Dexter News

Students fast for 30 hours to benefit hunger charity
Monday, March 20, 2006
By Diana Bowley - DEXTER - Their stomachs growling for 30 hours, 39 high school students who fasted during the weekend developed an acute awareness of hunger.

Dexter Regional High School Key Club's 30 Hour Famine, held Friday and Saturday, involved two students from Greenville High School, one from Foxcroft Academy and the rest from Dexter Regional.

"It gives us an idea of how other people feel, and it shows us how fortunate we are," Ashley Chabot, a freshman at Dexter, said Saturday.

Chabot was among the students whose fast began at 11:30 a.m. Friday. During the event, the students consumed only juice, Popsicles and Jell-O.

They stayed inside the school, and a group of advisers monitored them to make sure no one could sneak any solid food during the fast.

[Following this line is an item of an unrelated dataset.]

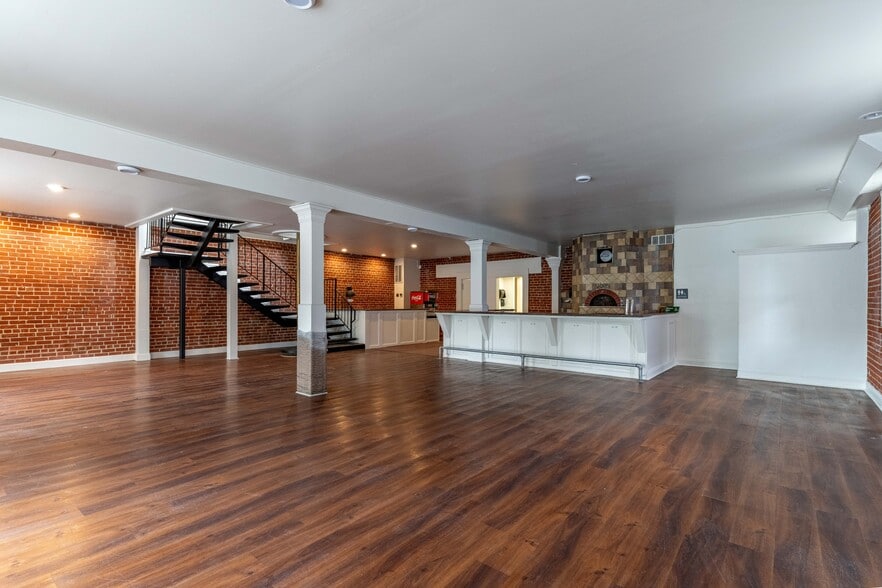 More Photos Of 55 5th St, Gilroy Restaurant For Sale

This is the seventh year Dexter Regional has participated in World Vision's 30 Hour Famine, an international hunger-fighting program.

It is a Christian relief and development organization that helps children and families tackle the causes of poverty in about 100 countries.

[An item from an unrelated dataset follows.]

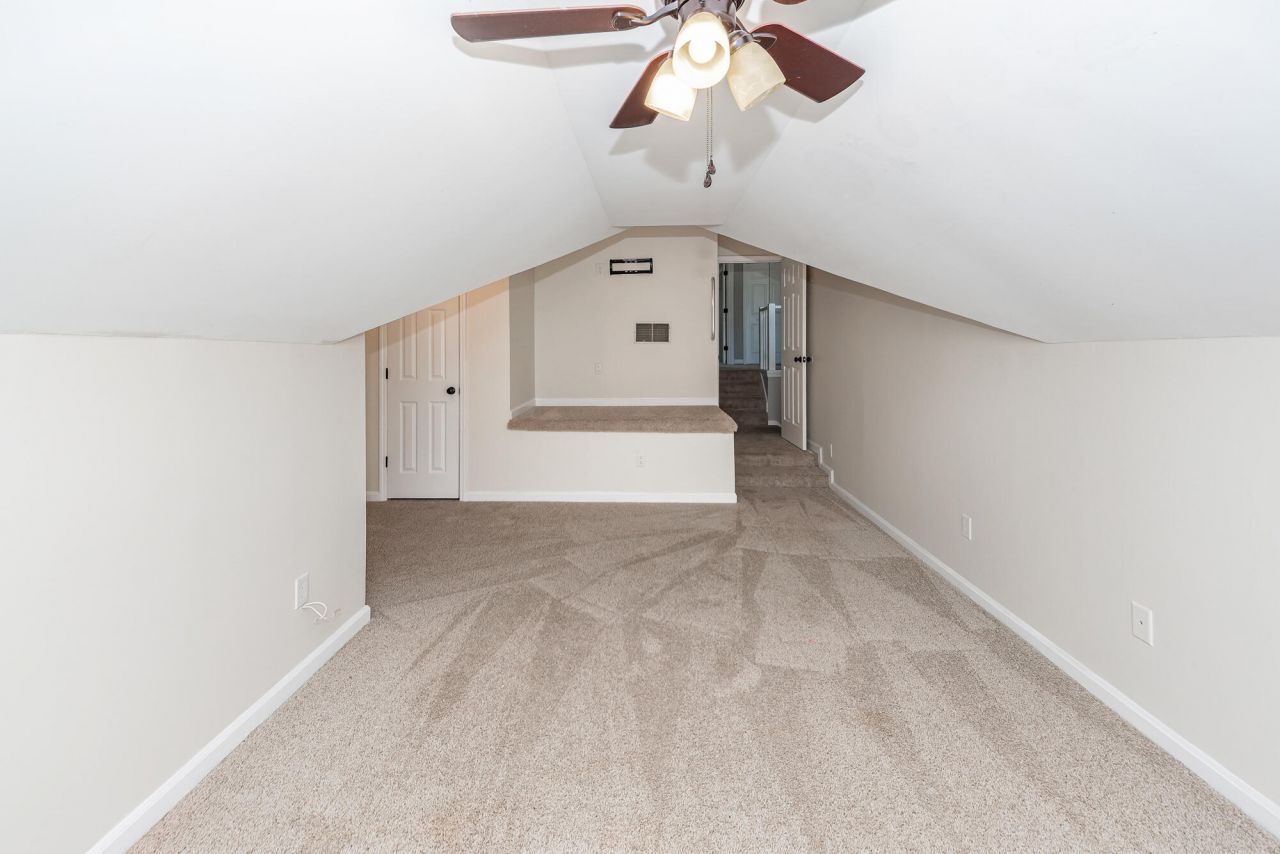 232 Knightsbridge Drive Photo 24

The event is designed to encourage teenagers to raise money to help fight world hunger and poverty, according to Rick Whitney, Key Club adviser at Dexter.

Whitney expects the students will exceed the $660 raised last year for the event.

The students also did community service work at the school. They cleaned trophy cases, washed windows, tables and desks, and helped prepare the stage for this weekend's musical, "Annie Get Your Gun," Whitney said. They also played games.

It felt good to raise money for people less fortunate, said Jessica Randall, a Dexter Regional junior. This was her second year of participation.

"There are a lot of kids in other countries who go as much as 30 hours between meals," she said.

For Lucas Jewett, a Dexter Regional sophomore, the fast was a bit trying, especially after he got only three hours of sleep Friday night.

Wandering around the gymnasium in his pajama bottoms and a sweatshirt, Jewett was mumbling that he forgot where he left his clothes.

"It has been too long of a day," he said.

Greenville High School student Rebecca Martel said it was a good project.

"It sounded like a good opportunity to see how other people live and appreciate what we have," the sophomore said.